[Stored items]
┄┄┄┄┄┄

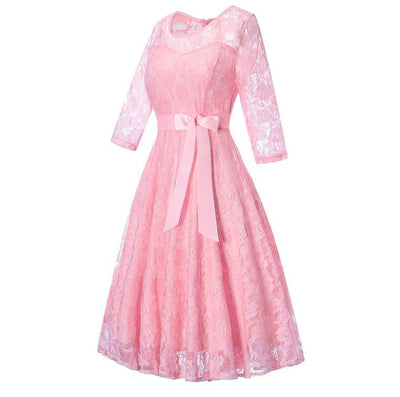 Robe vintage soirée manches longues rose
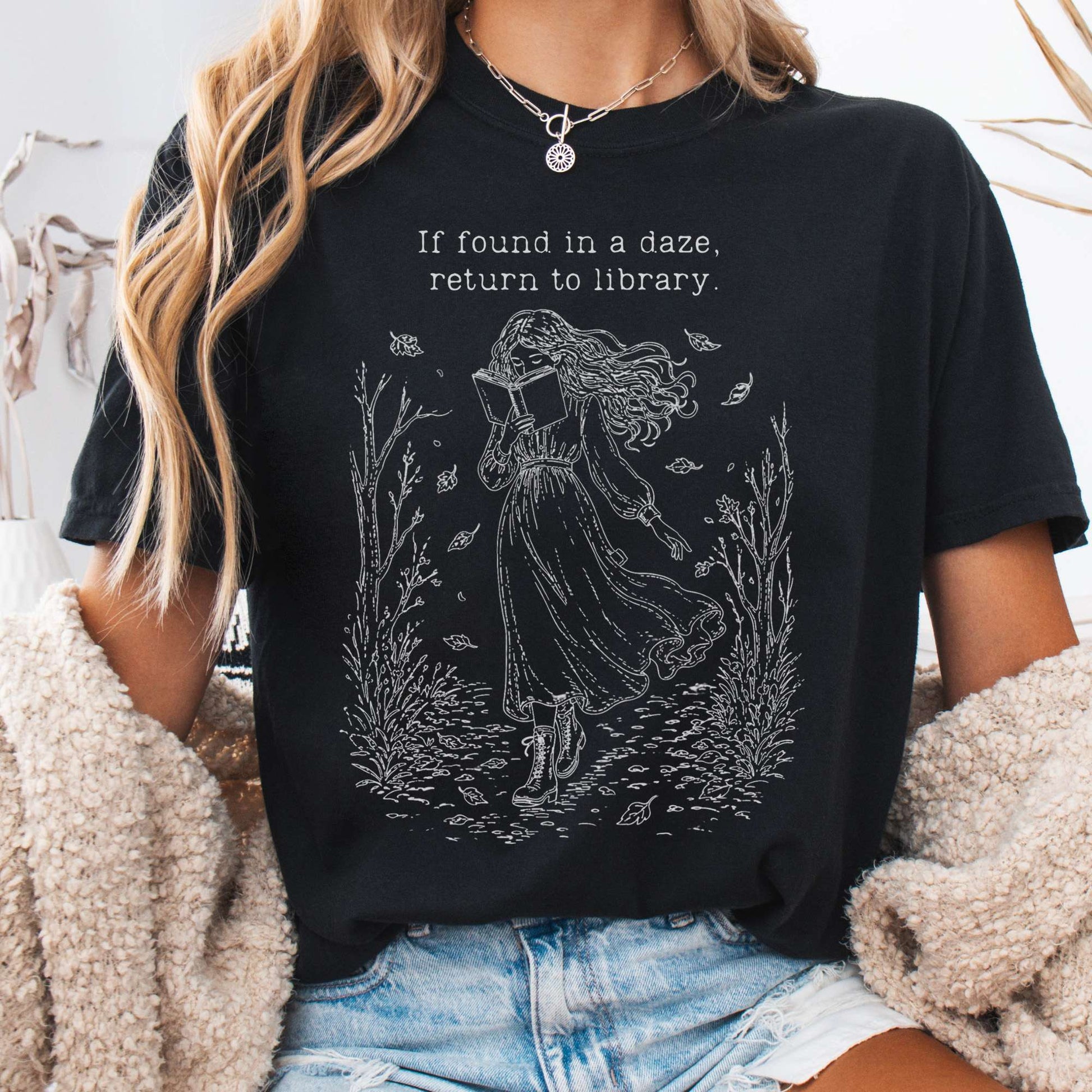 T-Shirt Black / S If Found in a Daze, Return to Library T-Shirt The Mystic Eden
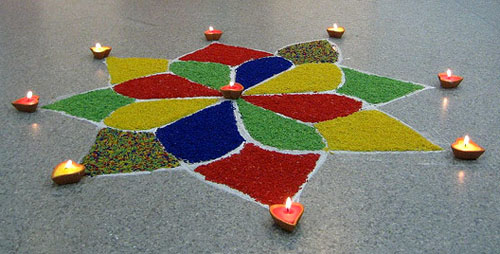 Basit Diyas ile Hindu Rangoli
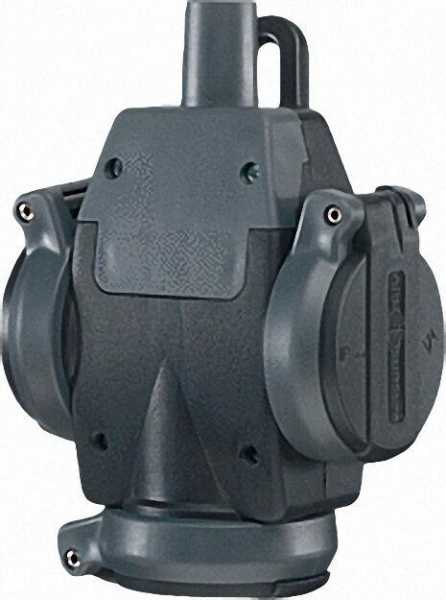 Schuko-uLiter-3fach-Vollgummi- Hängekupplung, IP 54, schwarz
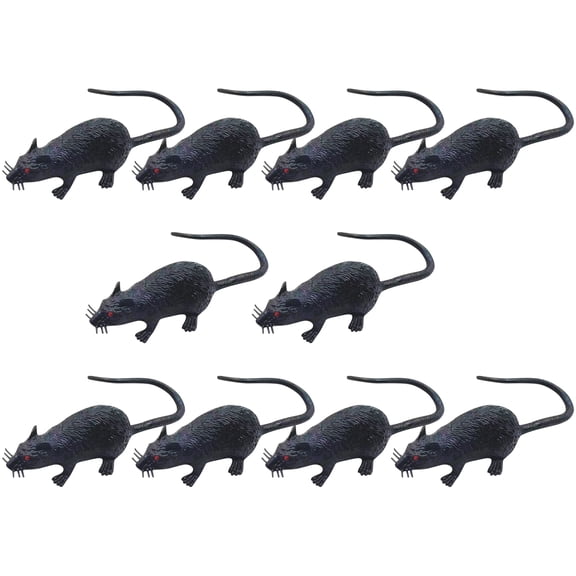 YujiCraft Halloween Fake Rats Decoration Props for Pranks Party Favor 10 Pack, Black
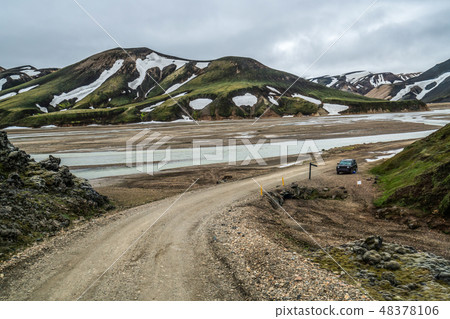 Road to Landmanalaugar on highlands of Iceland. Road to Landmanalaugar on highlands of Iceland. 48378106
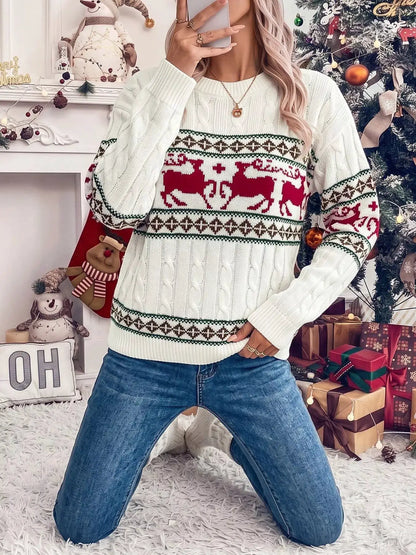 Christmas Reindeer Pattern Cable Knit Sweater by Trendsi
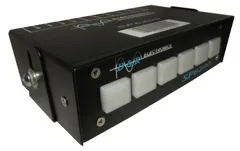 D&R SP6200 switch pack with six backlit white push-button switches in a black metal case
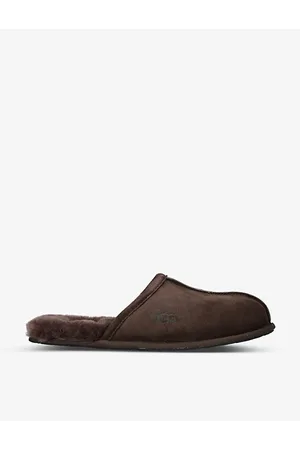 UGG Scuff Logo-embroidered Suede and Shearling Slippers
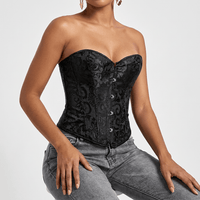Luna Rune Floral Front-Clasp Boned Corset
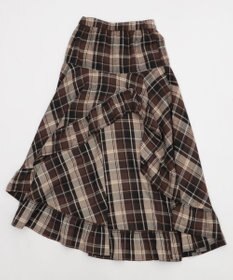 WEGO チェックアシンメトリーフリルロングスカート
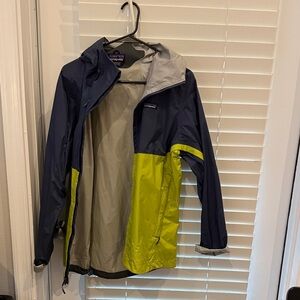 Patagonia Navy and Green Rain Jacket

┄┄┄┄┄┄

The copy should hold exactly the lines from the line containing "UGG Scuff Logo-embroidered" through the last line of the records, both included, and no pictures or other lines.

### Solution
 UGG Scuff Logo-embroidered Suede and Shearling Slippers
Luna Rune Floral Front-Clasp Boned Corset
 WEGO チェックアシンメトリーフリルロングスカート
 Patagonia Navy and Green Rain Jacket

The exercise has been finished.